• **What the exercise asks**
Would you write out the entries below word for word, omitting the pictures?

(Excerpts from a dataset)
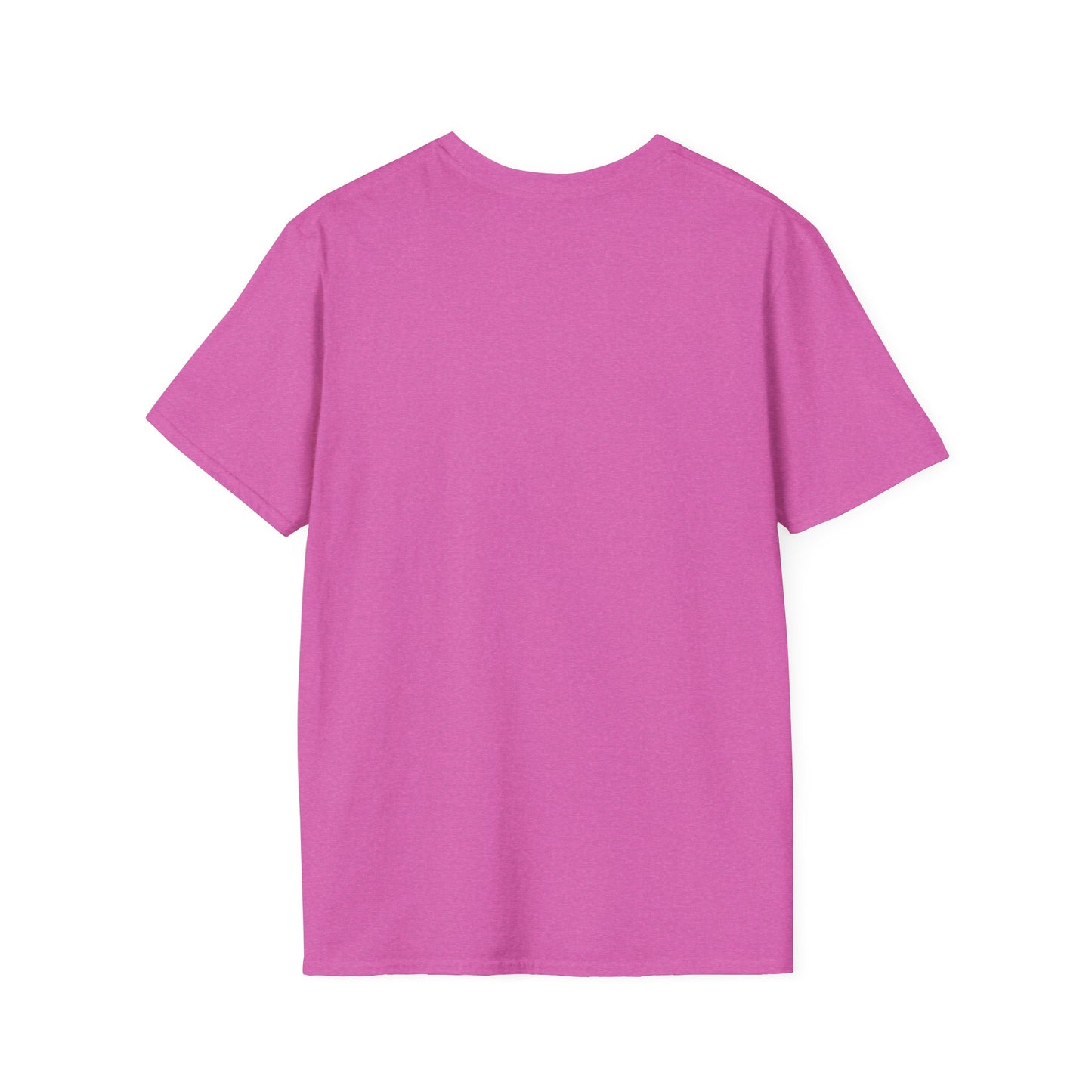 That's Pretty Classic! T-shirt
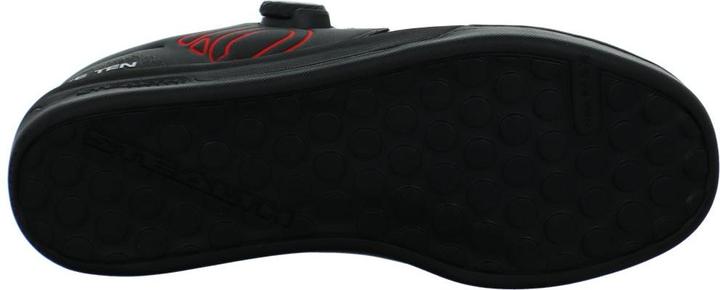 Produktbild Five Ten Freerider Pro Boa (43)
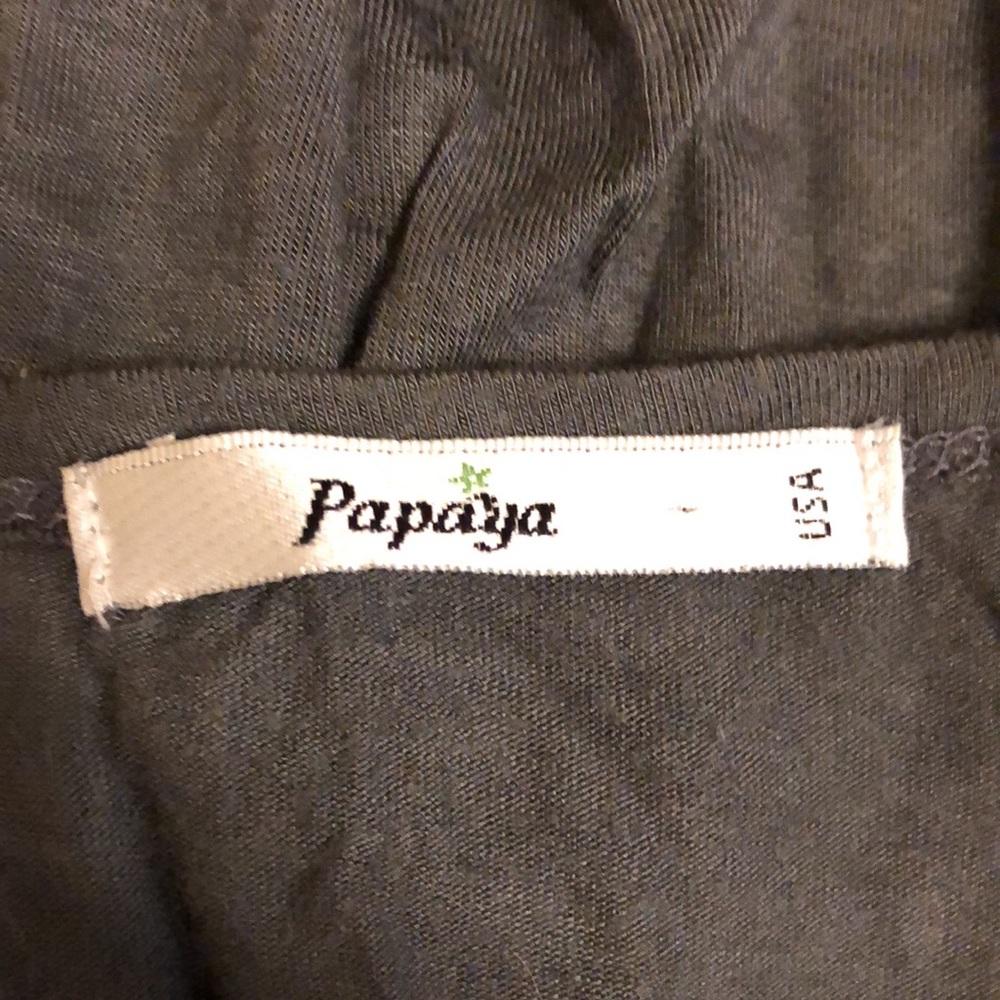 Racerback Tank - Picture 6 of 6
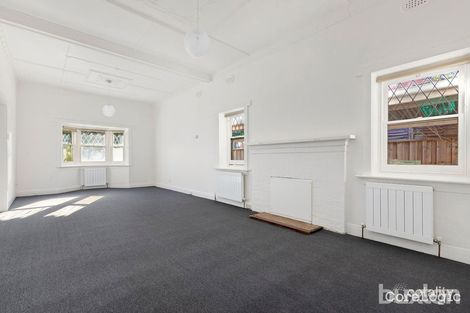 Property photo of 10 Somers Street Bentleigh VIC 3204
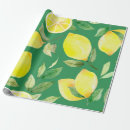 Suche nach stoff geschenkpapier Farbenfroh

• **Output below**
 That's Pretty Classic! T-shirt
 Produktbild Five Ten Freerider Pro Boa (43)
 Racerback Tank - Picture 6 of 6
 Property photo of 10 Somers Street Bentleigh VIC 3204
 Suche nach stoff geschenkpapier Farbenfroh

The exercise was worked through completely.